Huu-ay-aht Nation, Western Forest Products gave their forestry partnership an Indigenous name to reflect shared stewardship values

Reconciliation for the Huu-ay-aht Nation on the West Coast of Vancouver Island, in part, looks like a forestry partnership with industry designed in its own image.

The Huu-ay-aht, through its Huumiis Ventures Limited Partnership, and Western Forest Products have relaunched their joint venture to manage Tree Farm Licence 44 under the name Tsawak-qin LP with a promise to improve on stewardship of 1,400 square kilometres of land.

Friday’s relaunch represents a next step in the partnership formed by Huumiis and WFP in 2019. Huumiis finalized the purchase of a 35 per cent stake in TFL 44 in May this year, with the option to buy another 16 per cent in 2023.

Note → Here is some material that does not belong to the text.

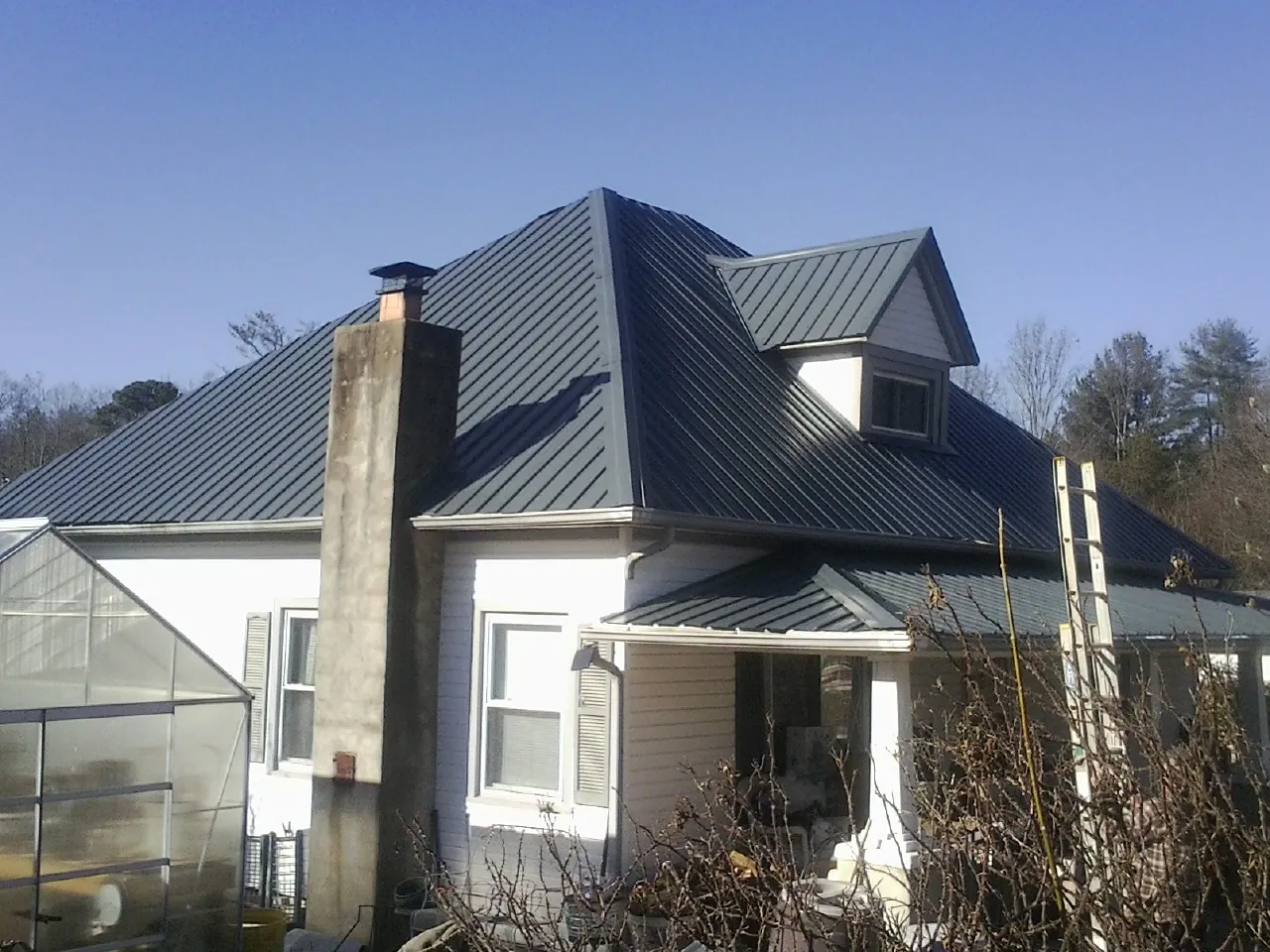 Dark blue standing seam metal roof on a white farmhouse with dormer — Slate & Tile Roof Repair by Roofing Brothers in Fisher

“This is something that is key in regards to achieving true reconciliation, especially in terms of economic reconciliation and in terms of the amount of influence we have on our own lands and resources,” said Huu-ay-aht Councillor John Jack.

The partnership gives the Huu-ay-aht a financial stake in the timber operations that feed operations in Port Alberni and surrounding area more control over them.

Partnerships between Indigenous Nations and industry have become commonplace in B.C.

This agreement is a great example of First Nations taking on “full partnership” in the forest sector, according to Charlene Higgins, CEO of the B.C. First Nations Forestry Council. And the name change is “a step in recognizing the first people that were there.”

The Huu-ay-aht’s agreement with Western gives the Nation a chance to devise its own resource-management plan for TFL 44 that respect their traditional cultural values.

“It’s not a sea-change,” Jack said, acknowledging that forest practices have a evolved and improved, but it will give the Huu-ay-aht a chance to make sure measures are in place to identify and protect things that are culturally important when logging cut blocks are laid out.

Tsawak-qin is an anglicized spelling of the Nuu-chah-nulth language term C̕awak ʔqin, which translates to mean ‘we are one.’ And the name change, Jack said, caps “the significant amount of work that has already been done between our Nation, our economic-development wing, and Western Forest Products.”

A new stewardship-monitoring program, under the name Witwak Guardians which starts in January is part of the renaming, which will set “a new approach to protection, monitoring and enhancement” of forestry operations, according to their joint news release.

“The addition of the Witwak Guardian program will continue to ensure all of those living, working and visiting TFL will continue to adhere to these sacred principles when working or visiting our ḥahahuułi (lands),” said Tayii Ḥaw̓ił ƛiišin in the news release. That’s the traditional name for Derek Peters, the Huu-ay-aht head hereditary chief.

For Western, the name change is “just a great representation of the journey that we’ve been on,” said Shannon Janzen, the company’s vice-president for partnerships and chief forester.

The partnership, which creates a separate business with First Nations ownership, is a first for Western Forest Products, Janzen said, but shows “how reconciliation can work.”

“It’s also a great way in which to demonstrate how traditional values and modern forestry practices can work together to create a positive result,” she added.

Tree-farm licences are Crown forest tenures, which grant harvesting rights — and management obligations — to those who hold them on 25-year terms.

TFL 44 has an annual allowable harvest of 780,000 cubic metres of timber, Janzen said, which flows to Western’s six mills on Vancouver Island, including its Alberni Pacific division where the Huu-ay-aht also hold an interest.

“You won’t see much of a difference in the amount of timber that’s harvested in the first little while,” Jack said. “But what we really want to see, and this is what we’re bringing to the table, is an understanding and a focus on what specific forestry practices we can back.”